Toshiba management’s difference with the auditor over the handling of the massive losses incurred by its nuclear power business in the United States — the reason the release of the financial report was delayed — was never resolved. PwC Aarata suggested that either all or a significant portion of the ¥652 billion loss posted in the latest business year over Toshiba’s U.S. nuclear unit Westinghouse Electric Co. should have been posted in the previous year — which raises the question as to whether Toshiba, which insisted that it learned of the Westinghouse losses only last December, might have been keeping the losses under wraps. The auditor also gave an “adverse opinion” on Toshiba’s internal controls over the matter, but still issued a qualified approval of the report overall.

If the auditor had judged the Toshiba report to be inappropriate, the company could have faced an imminent risk of being delisted. The outcome shows that Toshiba managed to avert the worst-case scenario by barely clearing the minimum rules required for a listed corporation. The Toshiba management says the governance problem has been resolved now that Westinghouse, which filed for bankruptcy protection in March, is now off the group’s consolidated accounting. But the company still needs to clear many hurdles before it can rebuild its management.

Toshiba shares have been placed on a TSE watch list since the company was mired in a profit-padding scandal in 2015. The company could still be delisted from the TSE depending on the outcome of an ongoing probe by the Japan Exchange Group, which operates the TSE, to determine whether the firm’s internal control has improved.

The TSE rules also mandates the delisting of companies that have a negative net worth for two business years in a row. Toshiba needs to pay off its excess debts by the end of March 2018 in order to remain listed. The company is eying proceeds from selling off its profitable semiconductor unit Toshiba Memory Corp., the world’s second-largest maker of flash memory, to cover the debt. Its negotiations with multiple parties for the sale, however, have become complicated and protracted due to intersecting interests of the bidders, with legal action filed by its U.S.-based partner in the memory business. With just over eight months to go before the end of next March, time is running short for Toshiba to conclude the deal and then be cleared in antitrust reviews by relevant governments.

Toshiba says it’s still possible to conclude the deal in time. But time is apparently not on Toshiba’s side. It’s probably time that Toshiba prepared a “Plan B” in case the sale of memory chip unit by the deadline becomes difficult.

Ultimately, however, remaining listed will not guarantee Toshiba’s revival. What triggered Toshiba’s current management crisis was the collapse of Westinghouse, which it bought in 2006 to expand its overseas nuclear power business.

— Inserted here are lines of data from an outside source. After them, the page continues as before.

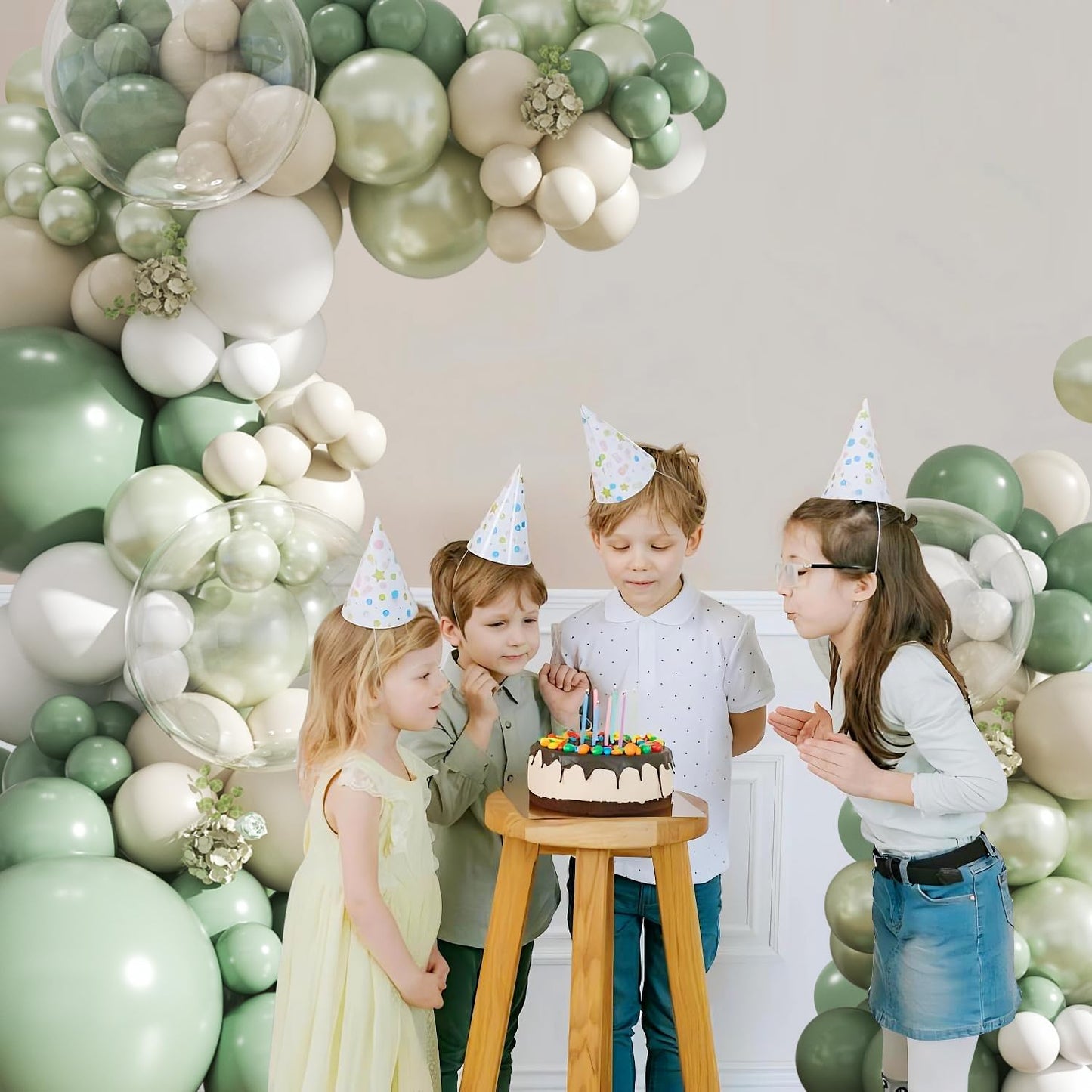 Yellow Balloon Arch Kit for Baby Shower Bridal Shower Decorations | 108Pcs Double Stuffed Pearl Yellow Pastel Yellow White Clear Balloons, Wedding Engagement Birthday Party Decorations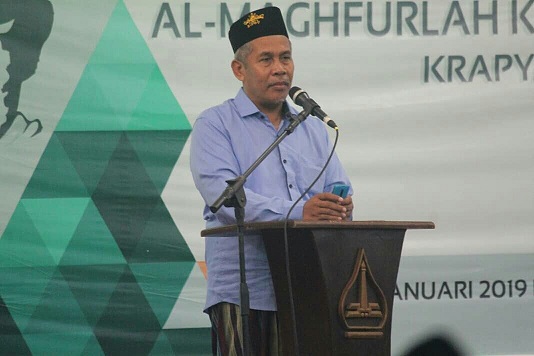 Ketua PWNU Jawa Timur KH Marzuki Mustamar di Ponpes Krapyak Yogyakarta. (Foto: nu for ngopibareng.id)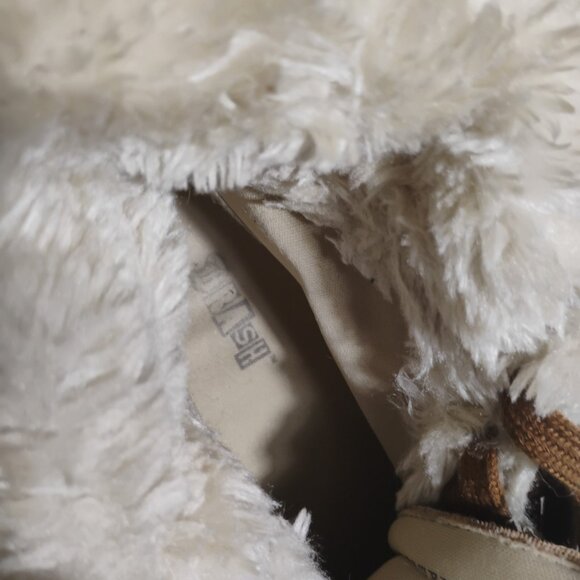 CRASH Faux Fur Lined Lace Up Winter Sneakers Brown Women’s Size 7.5 - Picture 6 of 6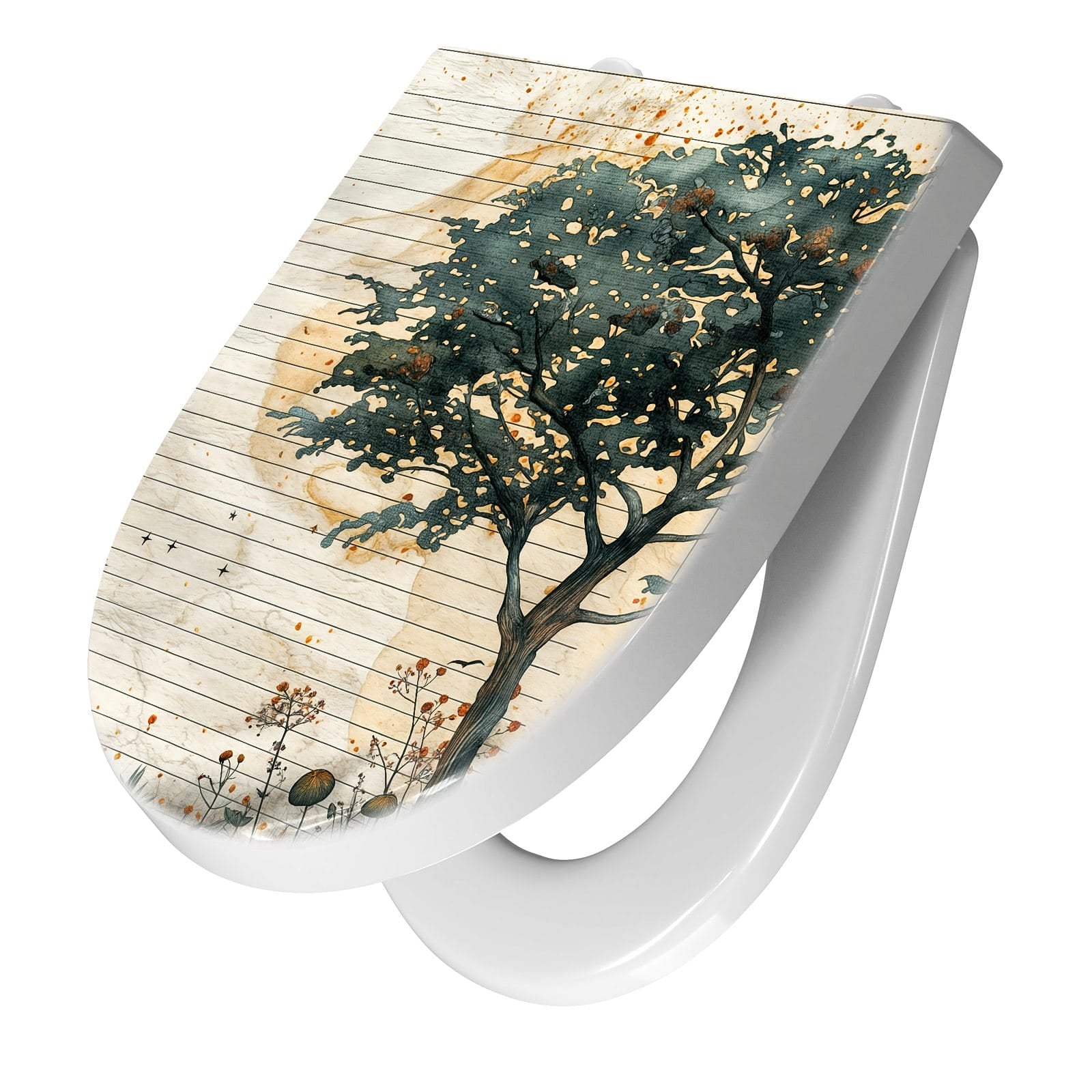 WC-Sitz mit Absenkautomatik Natur Notizblock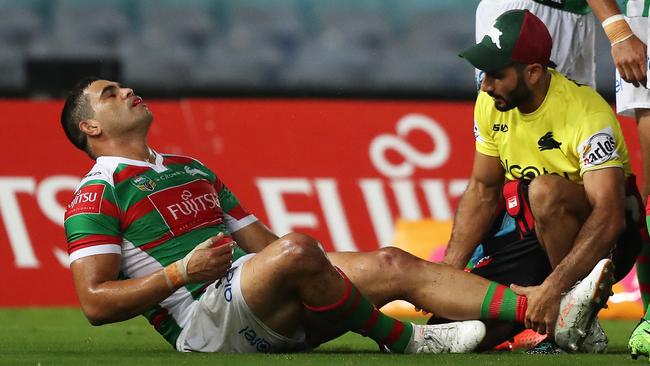 Greg Inglis is making his way back from a serious injury. Picture: Brett Costello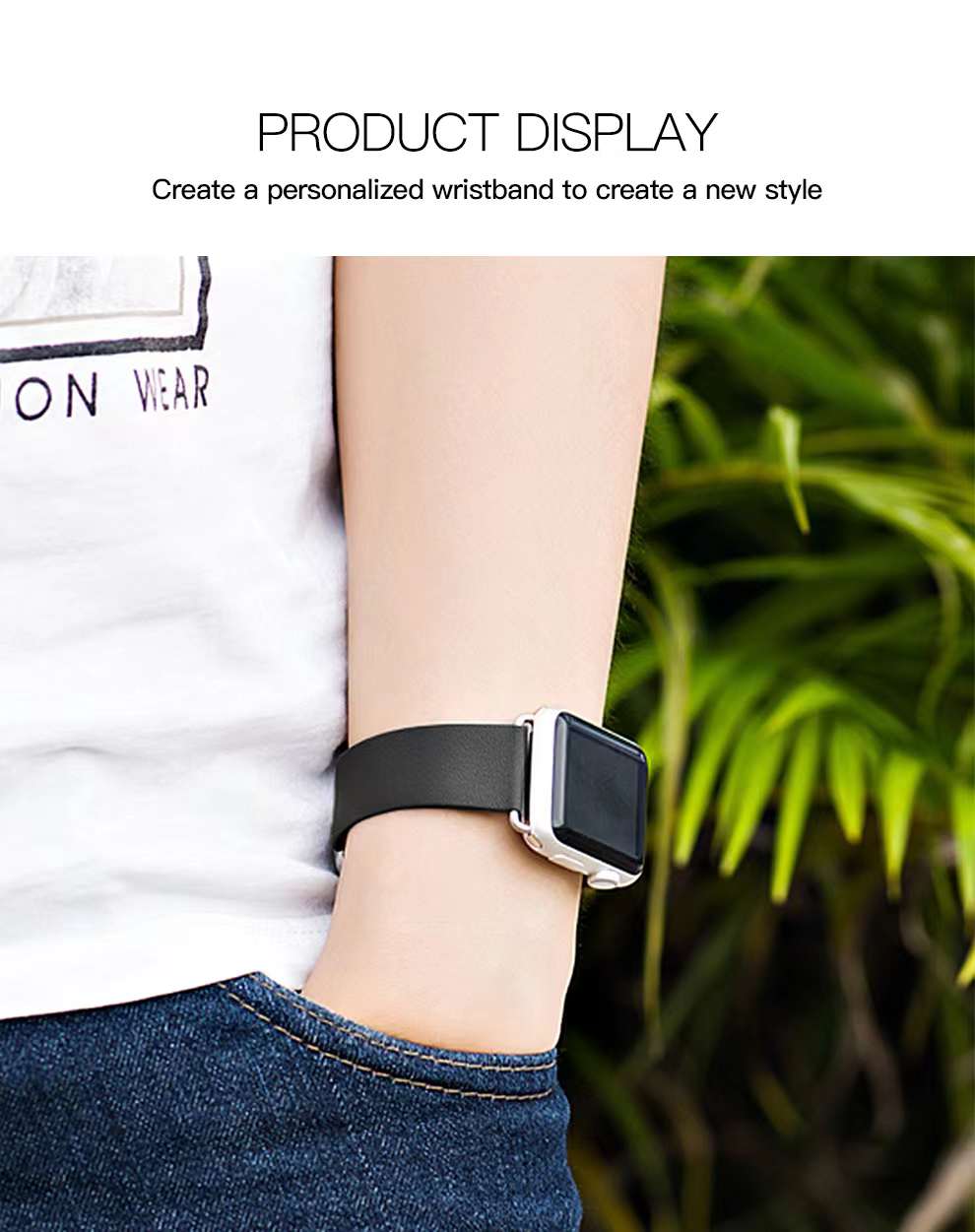 Каишка за Apple Watch 42/44/45/49мм, Magneic Bracket Silicone Strap W108 /зелена/ COTECi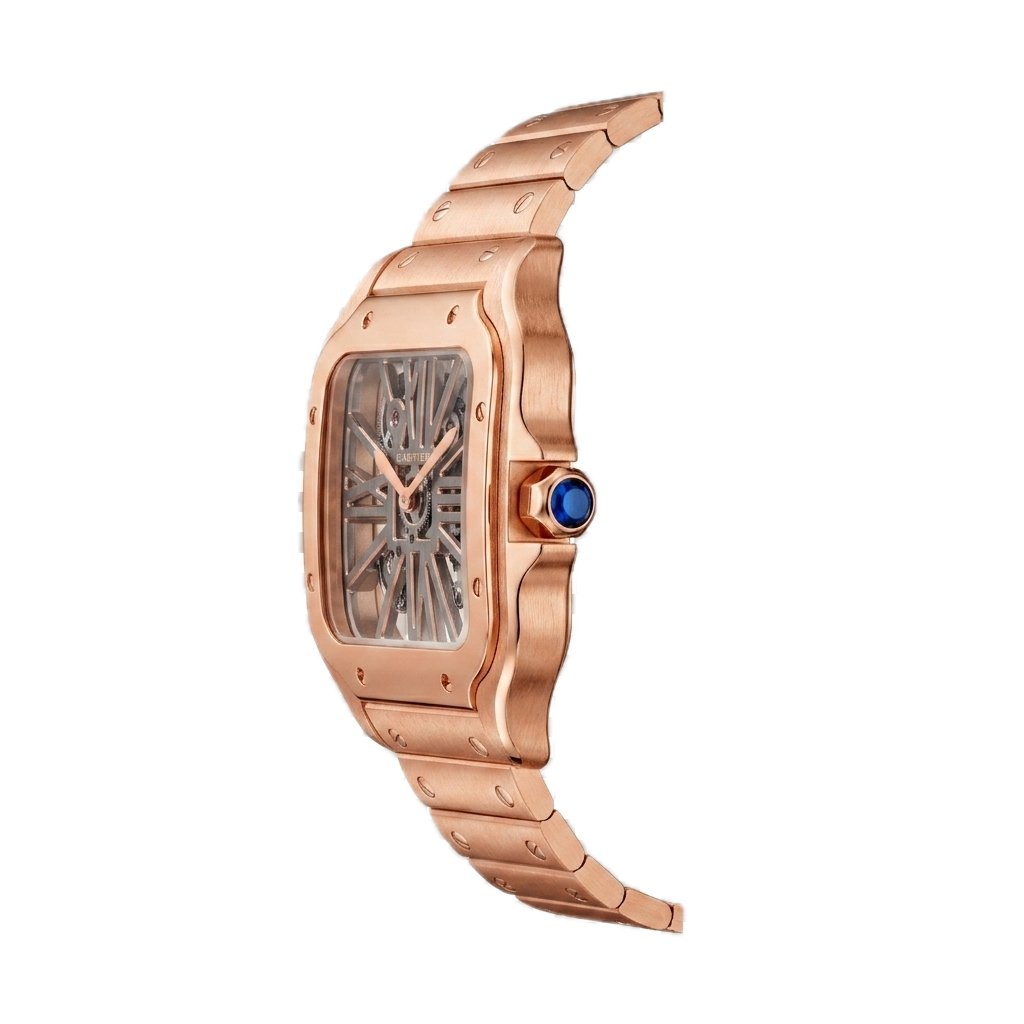 CARTIER SANTOS DE CARTIER SKELETON WATCH - GOLD - Image 3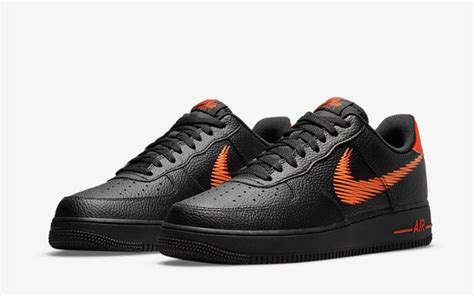 nike air force 1 zwart oranje|nike air force 1 shadow.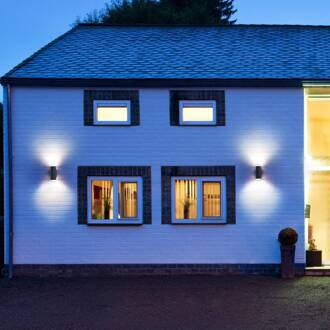 Ledvance Endura Classic Ive buitenwandlamp, GU10, IP65 donkergrijs, wit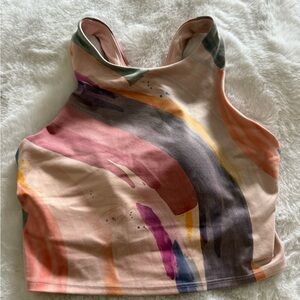 Athleta Multicolor Soft Crop Top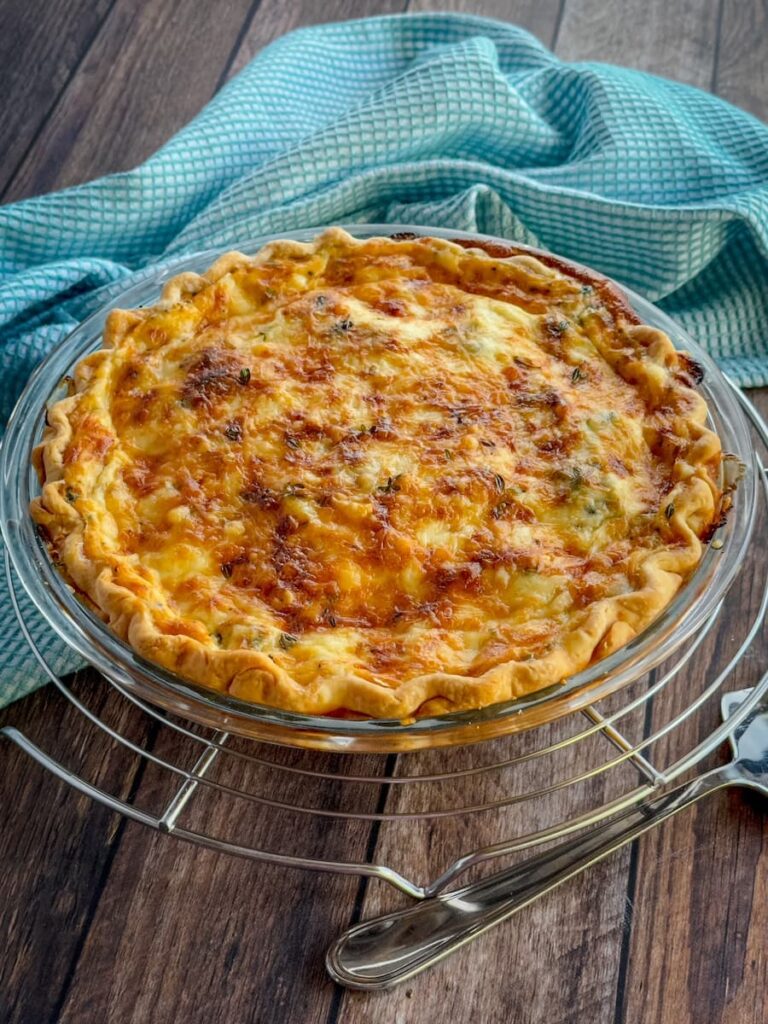 whole spinach gruyere quiche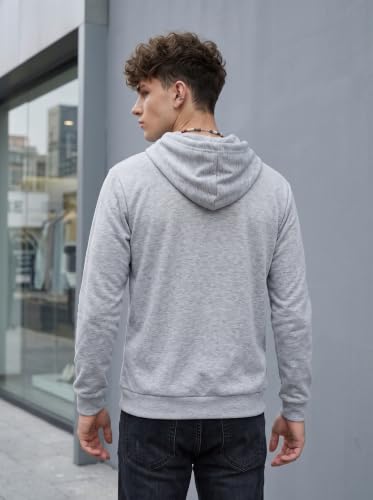 Image of HOODMASTER Unisex Fleece Hoodie Sweatshirt with Pockets Full Sleeves Regular Fit Solid Pattern Hooded Neck and Standard Length | Hoodies for Men & Women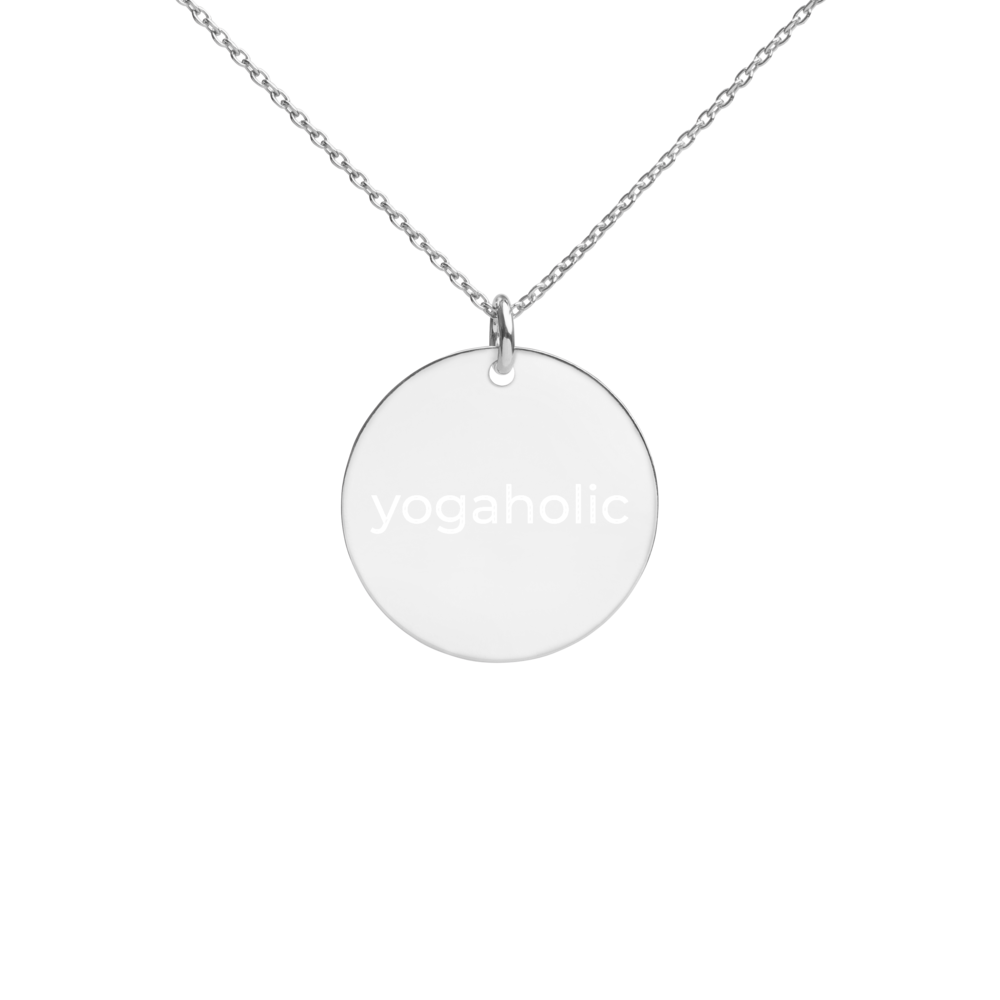 Yogaholic Silver Disc Chain Necklace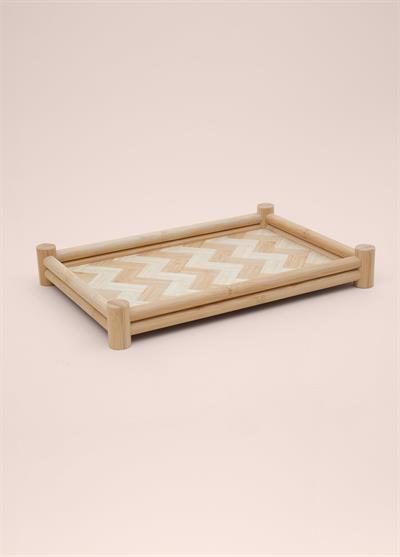 The Mia Wicker Bambu Tepsi 36x25 cm TPS0072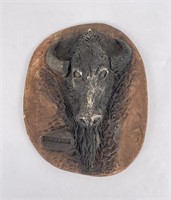 Montana Buffalo Plaster Wall Plaque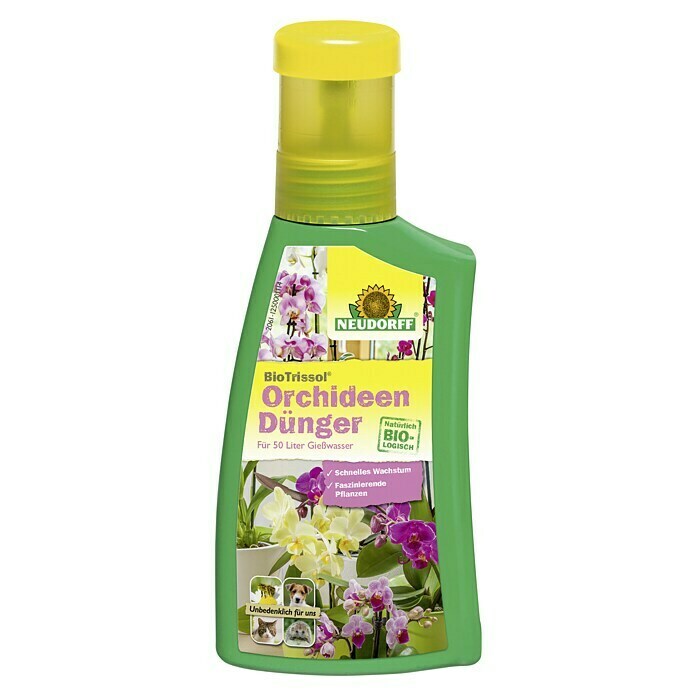 Neudorff BioTrissol Orchideendünger250 ml, Inhalt ausreichend für ca.: 50 l Front View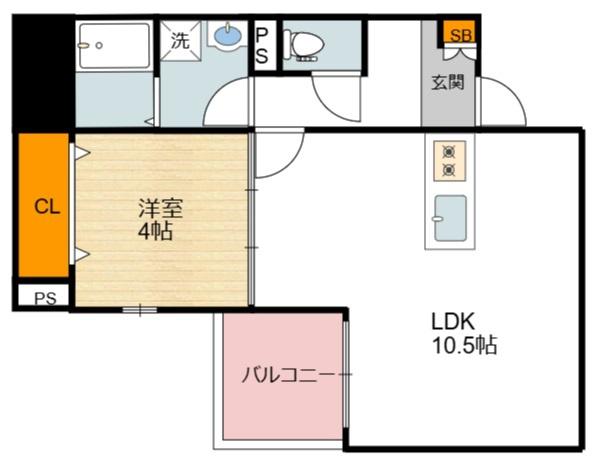 SFIDA帝塚山の間取り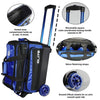 ELITE Deluxe Double Roller Bowling Bag Royal Blue - BowlersParadise.com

Toshiba needs to reflect on the judgment of its management on the nuclear power business — which was apparently influenced by the government’s policy of promoting nuclear power plant export as a key pillar of the nation’s infrastructure export business — even after the 2011 meltdowns at Tokyo Electric Power Co.’s Fukushima No. 1 plant cut back on overseas demand for nuclear power plants and inflated their costs due to tightened safety regulations.

The Toshiba group’s prospects will continue to remain uncertain after the memory chip unit, which currently earns a major portion of its profits, is sold off. Toshiba still has a long away to go.